Continue cooking as they soften and brown; sprinkle a little brown sugar over them if you prefer. When your onions are just about done to your liking, toss in your garlic.
Let everything continue cooking for 1-2 minutes and remove from the heat. Set these aside to cool.
Pre-heat your oven to 400 degrees.
In a large bowl, add your ground beef, ketchup, salt, pepper, rosemary, thyme, ketchup, crackers, Worcestershire sauce, and eggs. Mix together, then add your sauteed onions and garlic.
Mix together well, and transfer to a 9x13 un-greased baking dish.
Cover in foil and bake for 30 minutes; then remove the foil and slather with half of the topping.
Finish uncovered for 15 minutes, I personally turn on the broiler for the last ten minutes instead. Remove and allow to rest for ten minutes.

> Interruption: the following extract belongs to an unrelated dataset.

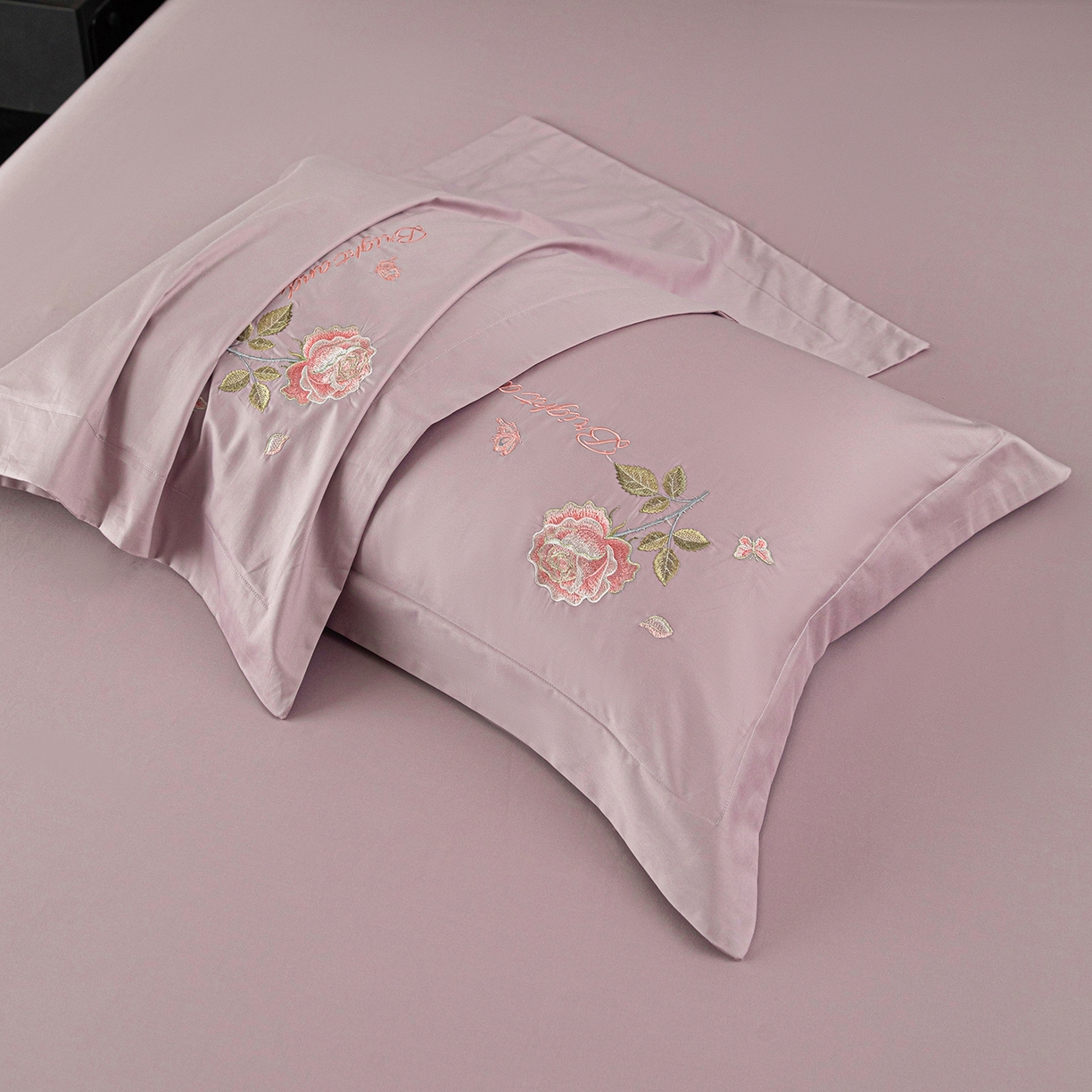 91家纺网 家纺一手货源 找家纺 （总）莉迪娅 2026新款50s双股长绒棉简约纯色绣花枕套--玫瑰恋人系列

David's Grilled Creole Shrimp with Cauliflower Crumble Remoulade
- 1 cup good quality mayonaisse
- 1/4 cup creole mustard OR whole grain mustard
- 2-3 tsp Old Bay seasoning
- 1 tbl chopped chives
- 1 tsp sugar
- Squeeze of lemon juice
- 1 bag of cauliflower crumbles OR 1 head cauliflower, finely chopped
[Creole Shrimp Seasoning]
- 2 1/2 tablespoons paprika
- 2 tablespoons salt
- 2 tablespoons garlic powder
- 1 tablespoon black pepper
- 1 tablespoon onion powder
- 1 tablespoon cayenne pepper
- 1 tablespoon dried oregano
- 1 tablespoon dried thyme
Creole Shrimp Skewers:
2 tablespoons Creole Seasoning 6 tablespoons unsalted butter, melted 1 pound medium shrimp (30/40)
Mix all ingredients in a large bowl, making sure sugar is dissolved. Store in fridge until ready to eat.
Toss crumbled with salt, pepper, EVOO.
Spread crumbles out on a pan for roasting or foil tray for grilling.
Top with thin slices of butter.
Roast at 400 degrees or grill until lightly browned.
2 tablespoons Creole Seasoning 6 tablespoons unsalted butter, melted 1 pound medium shrimp (30/40) peeled and deveined.
Combine the Creole Seasoning ingredients thoroughly and set aside.
Combine the Creole Seasoning and melted butter in a medium bowl. Whisk to combine.
Skewer the shrimp. Lay the skewers in a shallow dish and coat both sides with the butter seasoning.